We all sat in a circular formation and took turns introducing ourselves. Next, when we had finished the introductions, we did some Math and English. Before I knew it, it was time for recess. We lined up to wash our hands at the sink (there was a sink in the classroom), making sure to wash behind and in between our fingers (it was very important apparently).
Recess. I dreaded the thought. Unfortunately, I couldn’t stop it.
“Everyone pack up your food and please line up for break.” Ms. Karen said.
We obediently lined up and went outside.
The playground was like a giant sandbox with a fort, 2 slides, monkey bars and a set of swings. The only problem: I didn’t know anyone and no one knew me. I sat down at the edge alone. I spotted 2 other girls that looked like my age.
“Why not? Better to make a friend than an enemy anyway.” I thought.
I got up from my spot and went to meet them. I had the feeling, a beautiful friendship was about to blossom; I was right.
THE NOT SO NEW SCHOOL: FIRST GRADE
The first day of first grade is very important to a graduated kindergartener, so I picked one of my former favourite outfits to wear(there ,was no uniform and there still isn’t). I had new classmates, but this time, I had friends – though they were not in my class. My new teacher was Ms. Tehuki – please forgive me if I spelt the name wrong- and she was from New Zealand.
One thing I loved about first grade, was that we had a lot of different nationalities from all around the world: American, Nigerian, Chinese, South Korean, Malaysian, Swedish, French, Zimbabwean, New Zealander, Malagasy, Hungarian, South African, Canadian and of course Senegalese. It was a good experience for me because I learnt to work with people of different nationalities.
Technically, I was on good terms with everyone, but I also expanded my circle of friends: Ginger (Chinese and American); Erika/Erica (Malaysian); Klara (Swedish); Dolores (Zimbabwean); Ayla (Hungarian), Ella (Canadian) and Maria (South Africa) etc.. First grade was my last grade in ISD; I was moving again.
THE BIG MOVE 2
I saw blurry figures as I woke up. Moving day…again. I groaned.
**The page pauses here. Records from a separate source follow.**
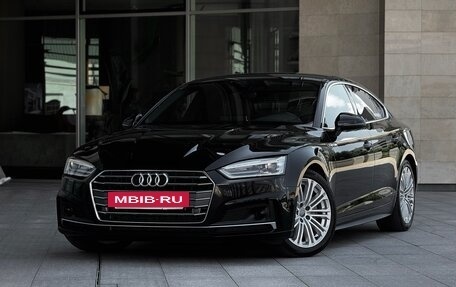 Audi A5, 2018 год, 2 990 000 рублей, 6 фотография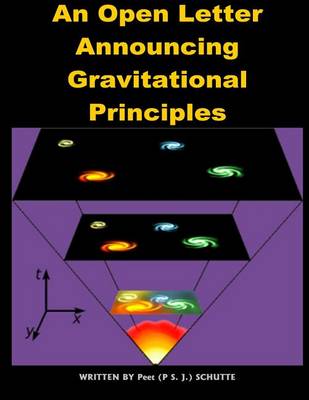 Book cover for An Open Letter Announcing Gravitational Principles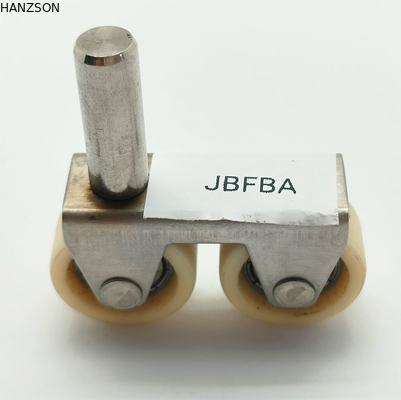 0.8mm het Dikke Regelbare Glijdende Materiële 626zz Lager van de Vensterrol SS201
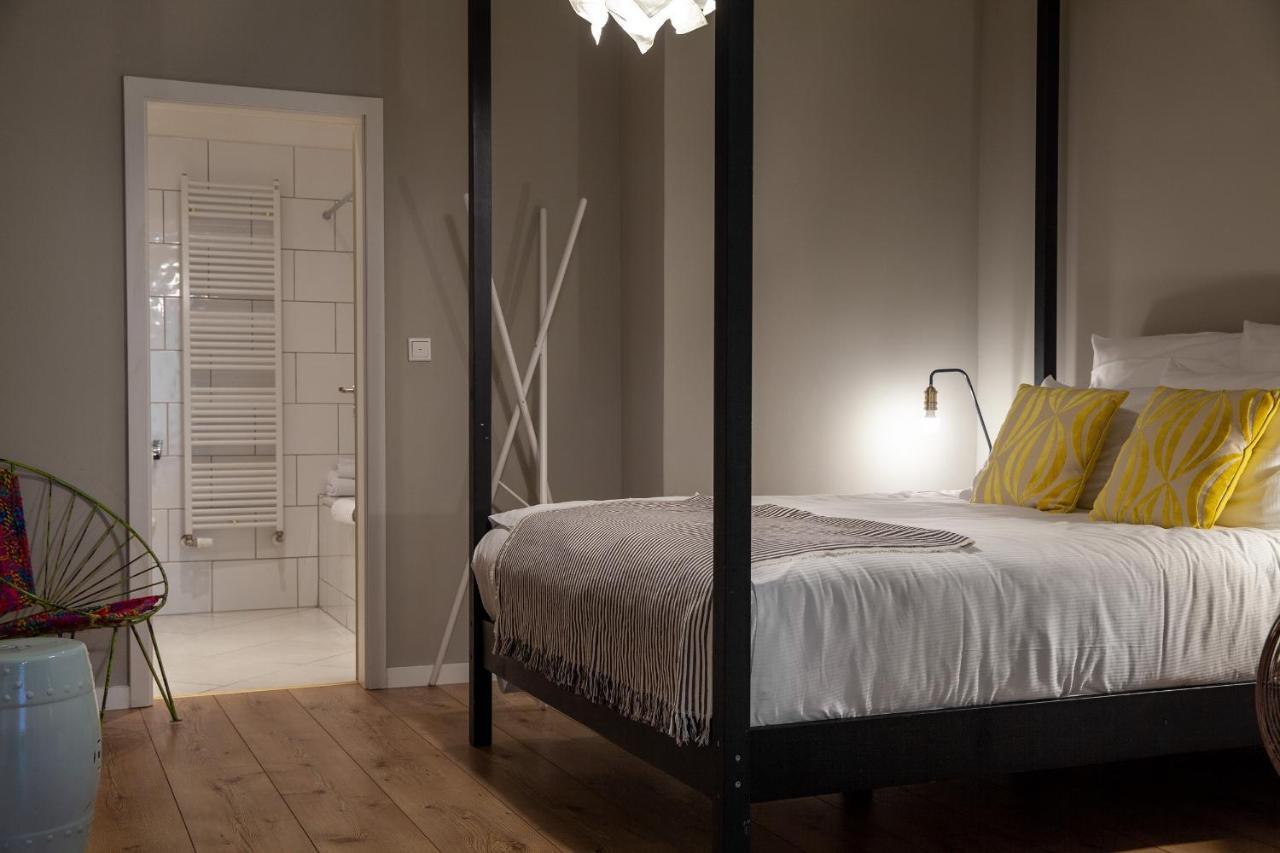 The Suite Hotel Fabric Frankfurt am Main Buitenkant foto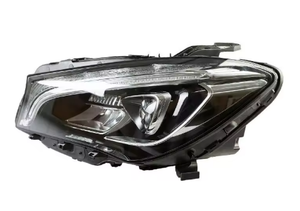 ชุดไฟหน้า WELIFTRICH เหมาะสำหรับรถยนต์เมอร์เซเดส-เบนซ์ CLA W117 ปี 2014-2020 OEM 1179066761 1179066861 - Product Image 5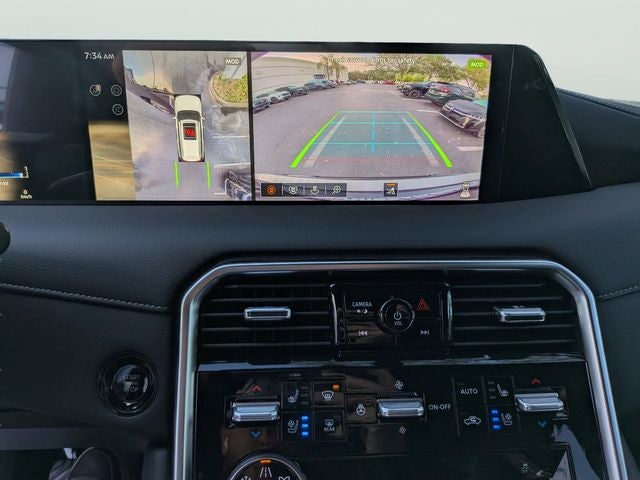 2026 Nissan Armada Platinum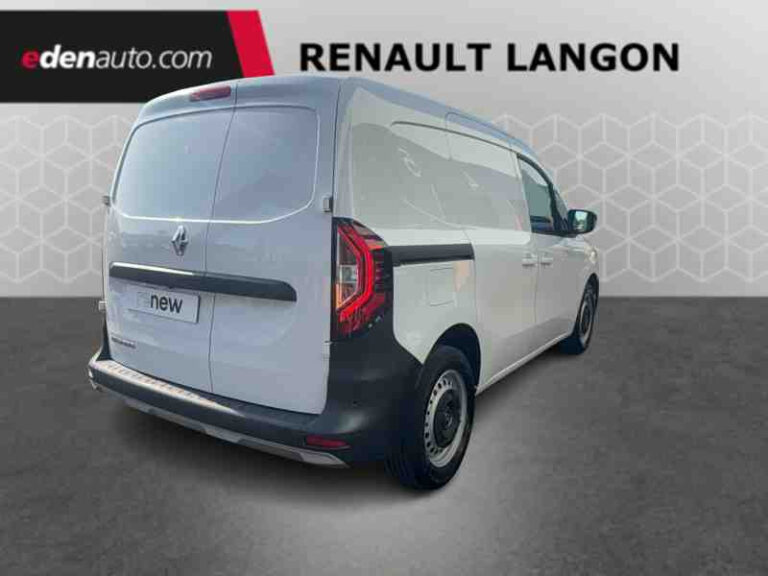 Renault Kangoo Van BLUE DCI 95 EXTRA – 22 - Image 05 (July 7, 2026)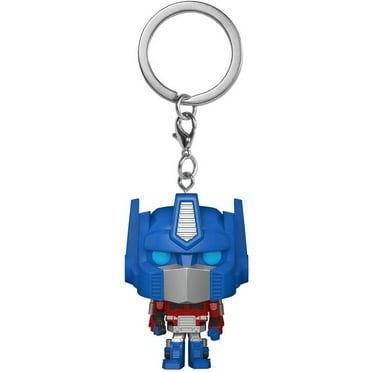 Funko Pocket Pop! Keychain Transformers Optimus Prime Mini Figure
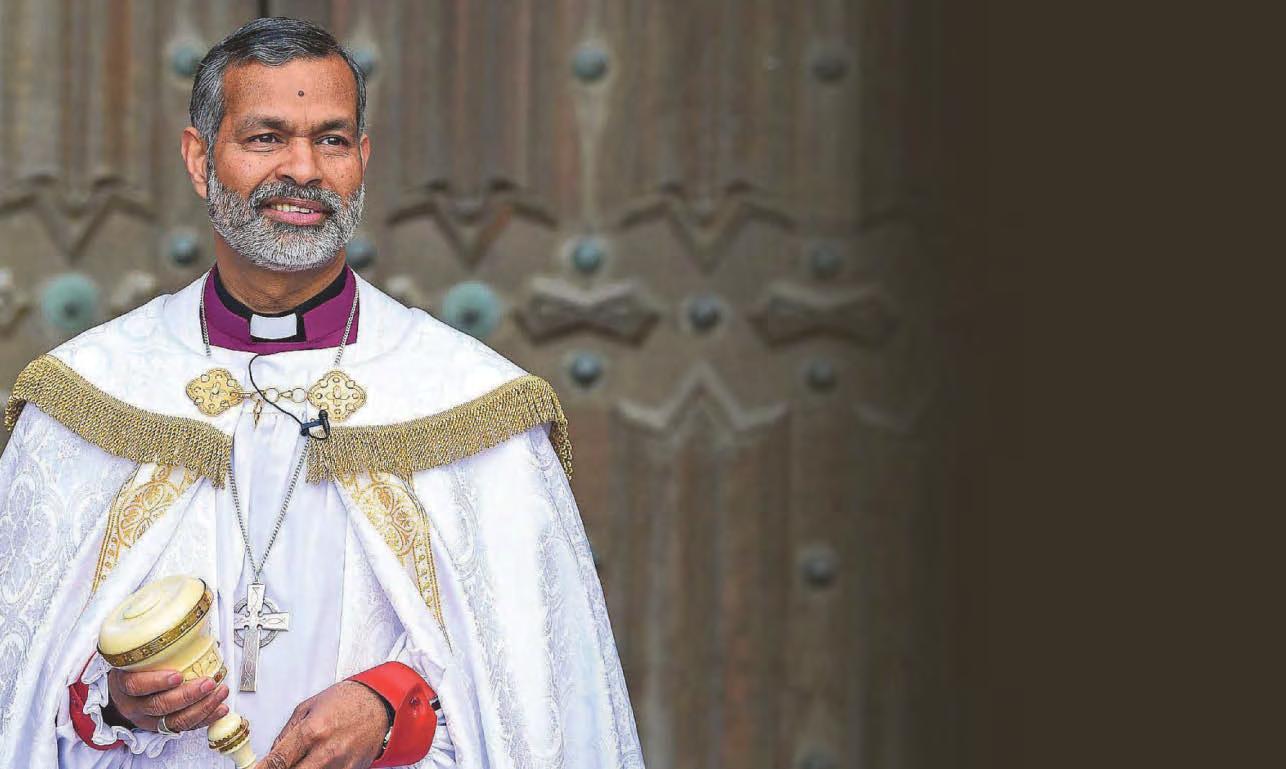 Bishop denies 'sex assault' claims in TV investigation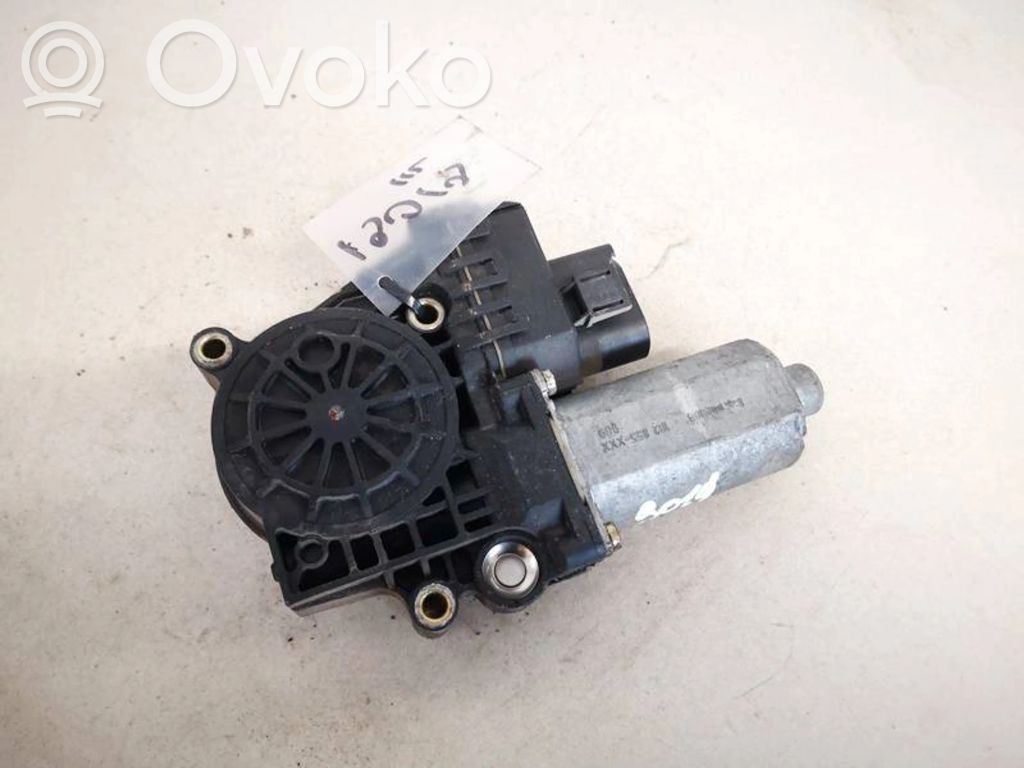 Audi A6 S6 C5 4B Motorino alzacristalli della portiera anteriore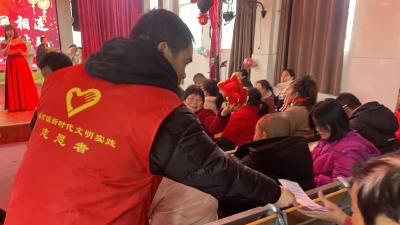 麻河镇开展反电信诈骗有奖竞答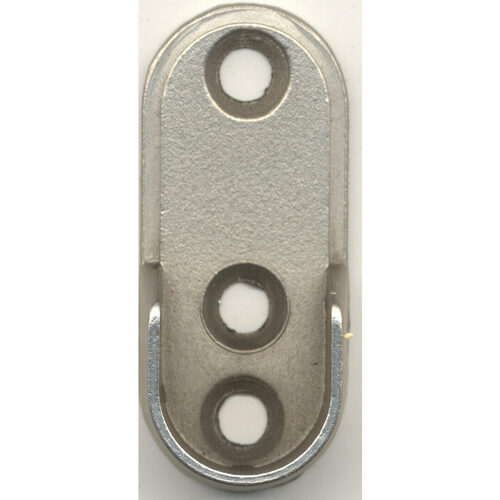 Richelieu 2123150184 Screw-In Oval Supports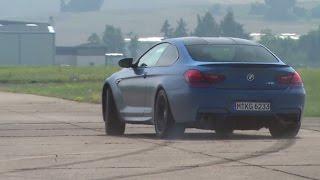 BMW M6: Querbeschleuniger - Fast Lap | auto motor und sport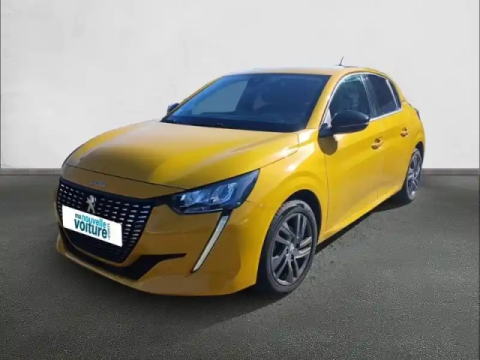 Peugeot 208 puretech 75 s&amp;s bvm5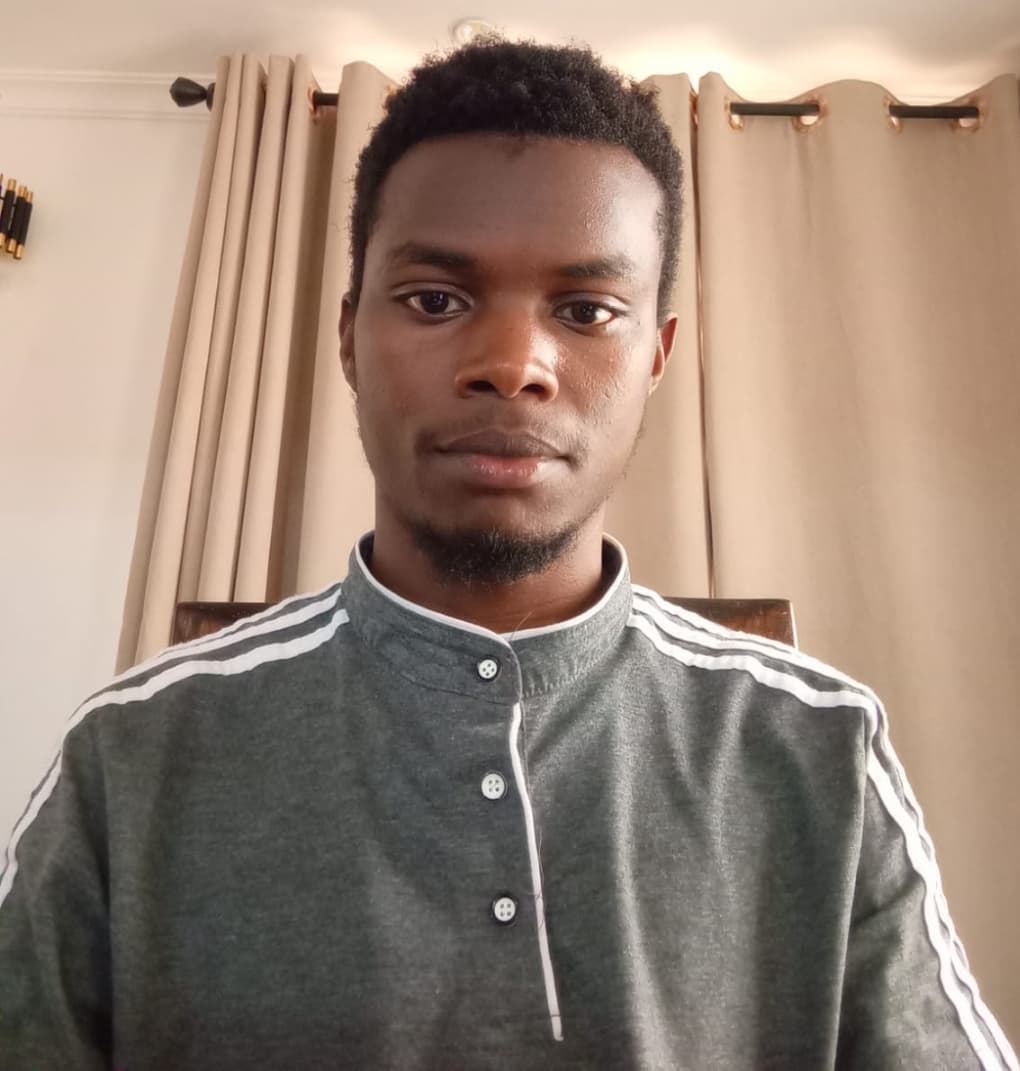 James Kamau, DevOps / Backend Engineer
“Why do we have to move so much?” I thought.
This time, we were moving back to Nigeria, but, we were moving to Ibadan, Oyo state and not Lagos.
We boarded the plane while the robotic voice “greeted” us again. It has an unpleasant way of speaking in a sarcastic manner. I closed my eyes.
“Please put on your seatbelt. We are about to land.” a voice said.
I woke up in a strange looking place and remembered I was on an airplane, about to land in Lagos. We had to drive to Ibadan, as the closest airport was in Lagos. It took forever! The traffic was terrible in Lagos and we still had to drive through Ogun state (my native state), just to get to Ibadan! The journey took at least 3 hours.
We entered our new home (we actually had lived in 2 in Ibadan).
THE NEW SCHOOL: ACA
My new school in Ibadan was ACA (American Christian Academy). There, I met some of my favourite teachers there: Ms. Gretchen, U.S. ; Ms. Ethel, Nigeria; Mr. Abayomi, Nigeria etc.
What all of these teachers have in common is that they are kind, helpful, caring and they make learning fun! I salute all my teachers for helping me!
THE NEW SCHOOL: CIS
“Have a great day Adeife!” my mother called.
“Thanks mom!” I replied.
It was around 6:00am and I was going to school, while my dad was going to work. My new school was CIS (Children’s International School). I was going to be in Year 5C. My new teachers were Mr. “B” and Ms. Desola. I was not in my best mood – due to waking up at the crack of dawn. However, I eventually lightened up, due to the cheerfulness of my teachers.
I learnt important core values in Year 5C: Courtesy, Dignity and Respect. They still help me with my learning and other areas of my life.
Currently, I am in Year 6B and my new teachers are Mr. Fasanmoye and Ms. Nnochiri. I moved (again) before I started Year 6. I have a lot to learn before I leave school.
I know some things, some things I don’t, but one thing I know, this is the beginning and not the end. Everyday, you grow older, wiser, stronger and better. I have not stopped. I can’t wait for the other adventures of my life.